----- Records for processing -----

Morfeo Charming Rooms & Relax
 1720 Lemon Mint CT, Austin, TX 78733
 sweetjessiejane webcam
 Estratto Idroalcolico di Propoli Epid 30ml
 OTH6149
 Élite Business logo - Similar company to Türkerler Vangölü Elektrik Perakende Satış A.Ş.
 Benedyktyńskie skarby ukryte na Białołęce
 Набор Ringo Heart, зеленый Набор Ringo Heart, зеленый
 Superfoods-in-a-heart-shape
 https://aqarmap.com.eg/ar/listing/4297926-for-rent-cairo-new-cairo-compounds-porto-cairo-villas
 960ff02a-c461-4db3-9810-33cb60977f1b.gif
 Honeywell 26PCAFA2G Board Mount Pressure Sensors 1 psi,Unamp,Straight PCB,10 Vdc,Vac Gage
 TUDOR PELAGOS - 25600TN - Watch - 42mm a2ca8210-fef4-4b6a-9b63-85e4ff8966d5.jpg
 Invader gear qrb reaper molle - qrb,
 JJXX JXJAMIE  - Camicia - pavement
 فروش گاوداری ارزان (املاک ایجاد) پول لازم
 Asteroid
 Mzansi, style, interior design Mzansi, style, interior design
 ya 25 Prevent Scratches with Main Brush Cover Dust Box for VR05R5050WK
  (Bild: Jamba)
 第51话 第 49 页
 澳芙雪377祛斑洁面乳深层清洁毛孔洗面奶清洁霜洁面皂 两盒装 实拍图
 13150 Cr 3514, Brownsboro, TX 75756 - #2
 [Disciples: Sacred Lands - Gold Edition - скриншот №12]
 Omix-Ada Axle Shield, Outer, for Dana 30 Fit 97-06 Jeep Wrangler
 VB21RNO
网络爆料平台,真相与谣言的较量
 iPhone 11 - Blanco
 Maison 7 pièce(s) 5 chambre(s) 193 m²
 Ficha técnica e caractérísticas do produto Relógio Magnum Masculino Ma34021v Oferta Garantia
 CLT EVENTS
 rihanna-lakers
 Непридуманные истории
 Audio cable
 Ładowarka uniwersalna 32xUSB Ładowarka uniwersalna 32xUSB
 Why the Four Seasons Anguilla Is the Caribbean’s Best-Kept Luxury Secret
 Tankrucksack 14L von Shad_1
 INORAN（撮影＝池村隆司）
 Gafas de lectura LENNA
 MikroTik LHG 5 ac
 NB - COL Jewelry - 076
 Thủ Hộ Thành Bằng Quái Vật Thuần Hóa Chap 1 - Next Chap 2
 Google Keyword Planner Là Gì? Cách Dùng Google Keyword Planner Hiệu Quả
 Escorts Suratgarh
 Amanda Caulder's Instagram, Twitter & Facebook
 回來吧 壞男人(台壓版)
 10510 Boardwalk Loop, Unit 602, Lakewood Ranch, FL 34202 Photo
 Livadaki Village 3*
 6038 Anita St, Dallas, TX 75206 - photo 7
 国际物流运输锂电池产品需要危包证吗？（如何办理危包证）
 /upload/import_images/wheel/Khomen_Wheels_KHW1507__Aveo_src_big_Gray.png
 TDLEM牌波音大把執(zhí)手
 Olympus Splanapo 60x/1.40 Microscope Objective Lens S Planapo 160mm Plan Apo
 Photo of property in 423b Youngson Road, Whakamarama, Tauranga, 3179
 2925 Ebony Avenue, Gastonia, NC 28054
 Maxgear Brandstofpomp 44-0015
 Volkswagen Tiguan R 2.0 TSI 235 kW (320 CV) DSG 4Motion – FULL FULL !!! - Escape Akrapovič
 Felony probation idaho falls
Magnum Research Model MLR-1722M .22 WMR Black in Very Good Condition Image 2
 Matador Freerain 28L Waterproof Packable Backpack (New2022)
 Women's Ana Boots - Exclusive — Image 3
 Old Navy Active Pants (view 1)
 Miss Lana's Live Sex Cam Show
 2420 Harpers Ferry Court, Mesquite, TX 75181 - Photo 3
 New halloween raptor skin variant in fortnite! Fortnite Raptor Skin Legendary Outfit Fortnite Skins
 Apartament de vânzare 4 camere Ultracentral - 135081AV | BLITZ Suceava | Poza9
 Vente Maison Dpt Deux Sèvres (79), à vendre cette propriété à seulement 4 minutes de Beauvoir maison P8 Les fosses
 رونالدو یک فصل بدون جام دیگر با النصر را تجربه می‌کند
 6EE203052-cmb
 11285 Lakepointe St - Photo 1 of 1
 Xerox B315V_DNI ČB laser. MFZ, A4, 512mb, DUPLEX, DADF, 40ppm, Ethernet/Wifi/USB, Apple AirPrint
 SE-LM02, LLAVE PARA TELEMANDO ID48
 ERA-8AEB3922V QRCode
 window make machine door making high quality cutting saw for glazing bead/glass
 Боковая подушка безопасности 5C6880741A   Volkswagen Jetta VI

-----

**What is being asked:** Above are the entries. Copy exactly the part that opens with the line containing "Superfoods-in-a-heart-shape" and closes with the line containing "13150 Cr 3514, Brownsboro, TX 75756 - #2", and no more.

**Written response:**
 Superfoods-in-a-heart-shape
 https://aqarmap.com.eg/ar/listing/4297926-for-rent-cairo-new-cairo-compounds-porto-cairo-villas
 960ff02a-c461-4db3-9810-33cb60977f1b.gif
 Honeywell 26PCAFA2G Board Mount Pressure Sensors 1 psi,Unamp,Straight PCB,10 Vdc,Vac Gage
 TUDOR PELAGOS - 25600TN - Watch - 42mm a2ca8210-fef4-4b6a-9b63-85e4ff8966d5.jpg
 Invader gear qrb reaper molle - qrb,
 JJXX JXJAMIE  - Camicia - pavement
 فروش گاوداری ارزان (املاک ایجاد) پول لازم
 Asteroid
 Mzansi, style, interior design Mzansi, style, interior design
 ya 25 Prevent Scratches with Main Brush Cover Dust Box for VR05R5050WK
  (Bild: Jamba)
 第51话 第 49 页
 澳芙雪377祛斑洁面乳深层清洁毛孔洗面奶清洁霜洁面皂 两盒装 实拍图
 13150 Cr 3514, Brownsboro, TX 75756 - #2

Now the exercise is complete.